Central SGML parsing module receiving input record events (from a Recordmanager and emitting SAX events to the registerered DocumentHandler, {@link DTDHandler}, and LexicalHandler implementations.

Parsing is invoked by appending records (text lines) to be parsed into an internal markup buffer, using append_markup(). append_markup() will normally call parse_markup() to scan for markup constructs (via delimit_markup()) and fire SAX events on recognized and complete markup constructs. Firing SAX events will trigger registered content and other handlers; notably, markup validation is performed by sending events to the registered Validator (which must implement DocumentHandler and other interfaces). parse_markup() will fire as many events as it can scan from the markup buffer, so a single call to append_markup() may result in multiple SAX events being emitted. Conversely, delimit_markup() or parse_markup() may find that the markup buffer contains incomplete markup (such as unterminated character data or incomplete markup declarations), in which case no events will be emitted for that run of parse_markup().

In general, the internal markup buffer is maintained such that it may contain incomplete markup at any time, in which case parse_markup() will attempt to continue where it left of as new markup is fed.

Markup parsing can be paused in case the input contains an entity reference (to a parsed entity) which can't be resolved. When parsing is paused, new input records can still be fed into the markup buffer (which however may grow indefinitely until the entity on which it is "stalled" gets defined eventually). This feature is used for entity references that are defined programmatically, rather than declared in entity declarations, and is also used for asynchronously fetching referenced external parsed entities (see expand_general_entity_references() for details).

Tokenizer stores markup definitions (parsed from the document prolog) to a registered Markupdefinitions object.
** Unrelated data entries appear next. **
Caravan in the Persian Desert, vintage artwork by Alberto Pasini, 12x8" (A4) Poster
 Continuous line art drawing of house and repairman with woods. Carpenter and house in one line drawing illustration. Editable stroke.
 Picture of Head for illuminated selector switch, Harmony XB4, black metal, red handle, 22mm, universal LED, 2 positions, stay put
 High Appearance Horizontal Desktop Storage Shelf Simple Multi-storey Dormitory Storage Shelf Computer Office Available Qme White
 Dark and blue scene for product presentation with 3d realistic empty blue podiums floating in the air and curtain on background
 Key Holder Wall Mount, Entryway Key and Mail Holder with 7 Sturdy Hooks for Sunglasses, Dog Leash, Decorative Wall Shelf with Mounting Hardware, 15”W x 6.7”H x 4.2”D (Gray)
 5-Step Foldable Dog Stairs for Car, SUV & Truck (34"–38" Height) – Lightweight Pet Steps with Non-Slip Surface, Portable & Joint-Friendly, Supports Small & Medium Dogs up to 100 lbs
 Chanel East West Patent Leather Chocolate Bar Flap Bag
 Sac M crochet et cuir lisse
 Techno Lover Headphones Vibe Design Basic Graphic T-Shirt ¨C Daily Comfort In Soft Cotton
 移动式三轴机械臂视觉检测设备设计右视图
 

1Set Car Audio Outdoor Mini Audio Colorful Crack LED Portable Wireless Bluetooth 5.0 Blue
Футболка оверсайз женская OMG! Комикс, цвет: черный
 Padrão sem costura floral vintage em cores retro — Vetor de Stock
In some cases, Tokenizer also requests back metadata from Markupdefinitions (notably, on SGML CDATA and RCDATA declared content, but other cases as well).

Tokenizer is instantiated with a downstream content handler which will receive events in the input stream, and a validation handler which will also receive those events before the primary content handler; Validator is expected to generate omitted tags, or produce an error event on its registered content handler such that the events generated from Tokenizer are valid according to the SGML declaration and document type declaration for a given instance. So if Tokenizer and Validator feed events to the same content handler, that content handler will receive a valid event stream, whereas if Validator feed events into e.g. a null handler, it will receive only events actually parsed from the input source.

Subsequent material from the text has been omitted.